- _TASK BRIEF_
Look in the material below for the line holding "Unique Vintage Plus". Set it down exactly, with each later line up to and including the line holding "2014 Nissan Pathfinder".

- _EXTRACTED DATA_
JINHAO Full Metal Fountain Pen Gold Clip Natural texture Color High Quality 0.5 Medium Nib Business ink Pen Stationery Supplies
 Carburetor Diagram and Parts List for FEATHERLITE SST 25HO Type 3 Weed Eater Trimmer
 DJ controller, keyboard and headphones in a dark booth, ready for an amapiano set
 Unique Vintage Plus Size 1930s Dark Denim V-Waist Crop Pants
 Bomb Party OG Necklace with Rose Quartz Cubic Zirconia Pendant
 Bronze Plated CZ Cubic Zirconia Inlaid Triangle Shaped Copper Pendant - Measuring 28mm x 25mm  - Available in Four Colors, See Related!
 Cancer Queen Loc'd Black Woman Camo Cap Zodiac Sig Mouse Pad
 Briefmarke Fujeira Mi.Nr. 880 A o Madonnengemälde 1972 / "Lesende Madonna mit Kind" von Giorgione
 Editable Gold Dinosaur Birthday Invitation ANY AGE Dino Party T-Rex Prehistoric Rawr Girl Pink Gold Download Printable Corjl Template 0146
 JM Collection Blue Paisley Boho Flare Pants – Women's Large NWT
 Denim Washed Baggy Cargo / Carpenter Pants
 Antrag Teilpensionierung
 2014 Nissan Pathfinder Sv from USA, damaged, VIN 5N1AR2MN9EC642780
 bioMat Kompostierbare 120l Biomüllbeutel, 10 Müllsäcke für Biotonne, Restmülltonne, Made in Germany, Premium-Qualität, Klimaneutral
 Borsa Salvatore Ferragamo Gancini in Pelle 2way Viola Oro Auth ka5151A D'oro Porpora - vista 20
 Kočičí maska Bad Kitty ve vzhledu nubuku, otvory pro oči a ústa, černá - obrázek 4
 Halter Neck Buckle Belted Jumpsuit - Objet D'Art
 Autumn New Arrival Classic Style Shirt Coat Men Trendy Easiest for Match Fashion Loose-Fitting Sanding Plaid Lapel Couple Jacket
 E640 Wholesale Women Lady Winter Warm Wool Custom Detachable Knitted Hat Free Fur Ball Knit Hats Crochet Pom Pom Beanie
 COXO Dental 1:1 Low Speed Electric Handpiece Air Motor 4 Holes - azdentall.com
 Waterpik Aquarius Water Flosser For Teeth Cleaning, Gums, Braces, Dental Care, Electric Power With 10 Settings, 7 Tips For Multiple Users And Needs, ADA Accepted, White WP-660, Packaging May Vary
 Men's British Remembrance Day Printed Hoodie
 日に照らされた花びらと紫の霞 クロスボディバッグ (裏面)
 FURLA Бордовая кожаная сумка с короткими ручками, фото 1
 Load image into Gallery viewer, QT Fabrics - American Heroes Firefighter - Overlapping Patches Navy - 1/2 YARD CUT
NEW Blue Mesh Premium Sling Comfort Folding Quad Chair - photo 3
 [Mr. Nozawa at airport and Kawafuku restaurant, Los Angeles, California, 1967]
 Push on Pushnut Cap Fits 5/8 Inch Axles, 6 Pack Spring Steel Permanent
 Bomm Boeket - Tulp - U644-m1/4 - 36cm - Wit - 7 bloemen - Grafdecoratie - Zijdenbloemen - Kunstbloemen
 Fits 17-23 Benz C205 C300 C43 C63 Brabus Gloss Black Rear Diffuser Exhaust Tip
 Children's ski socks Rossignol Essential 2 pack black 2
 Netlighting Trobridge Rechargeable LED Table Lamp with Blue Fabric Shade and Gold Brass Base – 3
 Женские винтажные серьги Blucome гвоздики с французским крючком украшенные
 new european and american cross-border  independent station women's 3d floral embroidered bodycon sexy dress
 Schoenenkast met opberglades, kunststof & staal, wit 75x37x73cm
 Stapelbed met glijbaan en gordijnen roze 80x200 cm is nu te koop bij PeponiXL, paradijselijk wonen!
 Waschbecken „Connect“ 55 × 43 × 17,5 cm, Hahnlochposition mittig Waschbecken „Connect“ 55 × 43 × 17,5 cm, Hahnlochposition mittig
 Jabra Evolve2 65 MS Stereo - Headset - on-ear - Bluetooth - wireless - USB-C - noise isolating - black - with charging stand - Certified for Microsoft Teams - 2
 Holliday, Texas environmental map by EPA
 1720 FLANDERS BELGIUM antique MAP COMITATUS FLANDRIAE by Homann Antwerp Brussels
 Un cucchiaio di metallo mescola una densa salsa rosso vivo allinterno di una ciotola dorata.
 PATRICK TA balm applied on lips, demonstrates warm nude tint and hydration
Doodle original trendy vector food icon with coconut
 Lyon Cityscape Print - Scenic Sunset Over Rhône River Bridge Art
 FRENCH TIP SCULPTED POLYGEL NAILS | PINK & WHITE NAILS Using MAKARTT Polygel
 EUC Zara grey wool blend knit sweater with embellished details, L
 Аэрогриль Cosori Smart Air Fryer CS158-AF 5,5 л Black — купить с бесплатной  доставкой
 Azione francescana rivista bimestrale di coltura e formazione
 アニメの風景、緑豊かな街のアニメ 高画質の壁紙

- _TASK SOLUTION_
 Unique Vintage Plus Size 1930s Dark Denim V-Waist Crop Pants
 Bomb Party OG Necklace with Rose Quartz Cubic Zirconia Pendant
 Bronze Plated CZ Cubic Zirconia Inlaid Triangle Shaped Copper Pendant - Measuring 28mm x 25mm  - Available in Four Colors, See Related!
 Cancer Queen Loc'd Black Woman Camo Cap Zodiac Sig Mouse Pad
 Briefmarke Fujeira Mi.Nr. 880 A o Madonnengemälde 1972 / "Lesende Madonna mit Kind" von Giorgione
 Editable Gold Dinosaur Birthday Invitation ANY AGE Dino Party T-Rex Prehistoric Rawr Girl Pink Gold Download Printable Corjl Template 0146
 JM Collection Blue Paisley Boho Flare Pants – Women's Large NWT
 Denim Washed Baggy Cargo / Carpenter Pants
 Antrag Teilpensionierung
 2014 Nissan Pathfinder Sv from USA, damaged, VIN 5N1AR2MN9EC642780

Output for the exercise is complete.